My Semi-Thought Out, Mostly Impossible Christmas List

We are at the 8 day mark here people, and I’m probably too old and a little too late for making a Christmas list, but since when has that stopped me?

Let’s have the list, shall we?

5. The body of a Victoria’s Secret model. I will take those curves and legs as my own any day, please and thank you.

4. A time machine. Who wouldn’t love to zip around time and space and see some really cool sh*t? I’m thinking a morning spent in the future, about 2050, checking out if the sun actually still rises or if we all live in a space station, then a night at a New York speakeasy in the 1920’s.

3. A domestic cat the size of a lion. Yes, I know, lions are cats, but I mean, I just want my cat to be the size of a lion. That would be the best cuddle pet ever. She is far less vicious and I wouldn’t be afraid of her eating me.

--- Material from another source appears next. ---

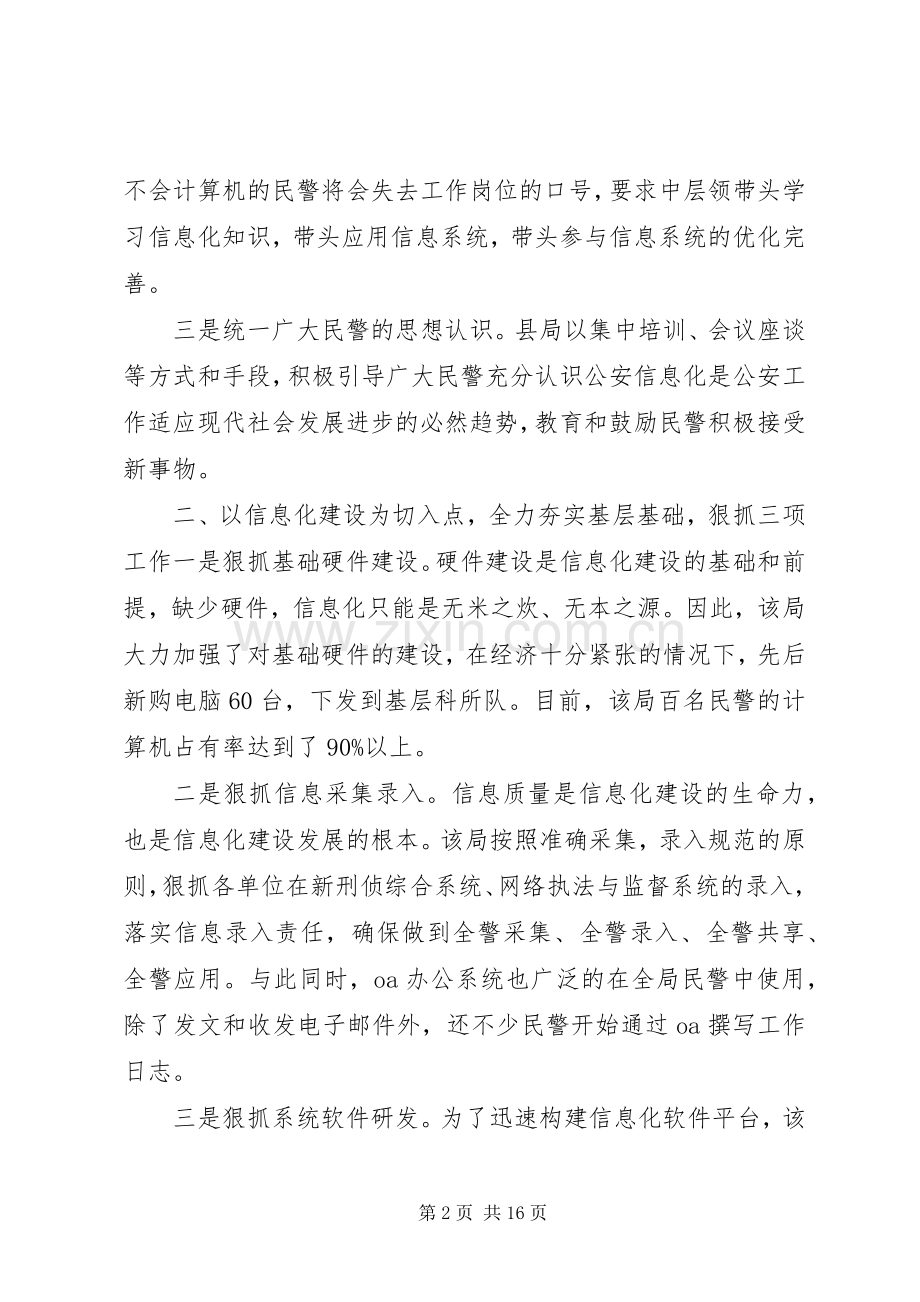 公安信息化工作会议讲话发言.docx_第2页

2. To miraculously be able to speak, read, write and understand every language known to man kind. Because, what is the nail technician really saying in her native tongue?

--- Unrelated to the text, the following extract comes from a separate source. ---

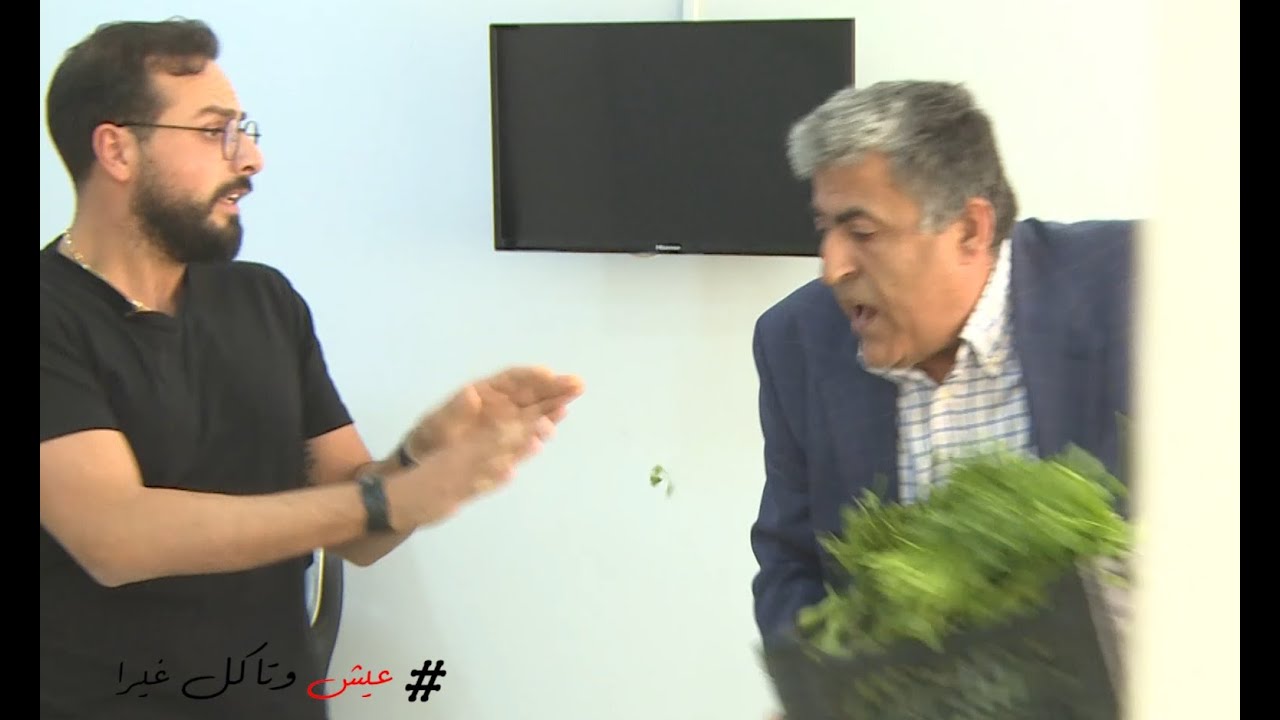 خود الفول..و انا المسؤول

1. Colton Haynes. In nothing but a Santa hat.

Wait! I just thought of something even better that I want. For Christmas, I would really love it if Colton Haynes picked me (me with my new 5’9″, 34-24-34 body) up in his time machine, which contained my giant domestic cat, and he flew me all around the world, where we got to meet people in every country, since there would be no language barrier, we could see the future, the past, everything really.

That would be the perfect Christmas gift, so anyone who isn’t sure what to get me… You’re welcome.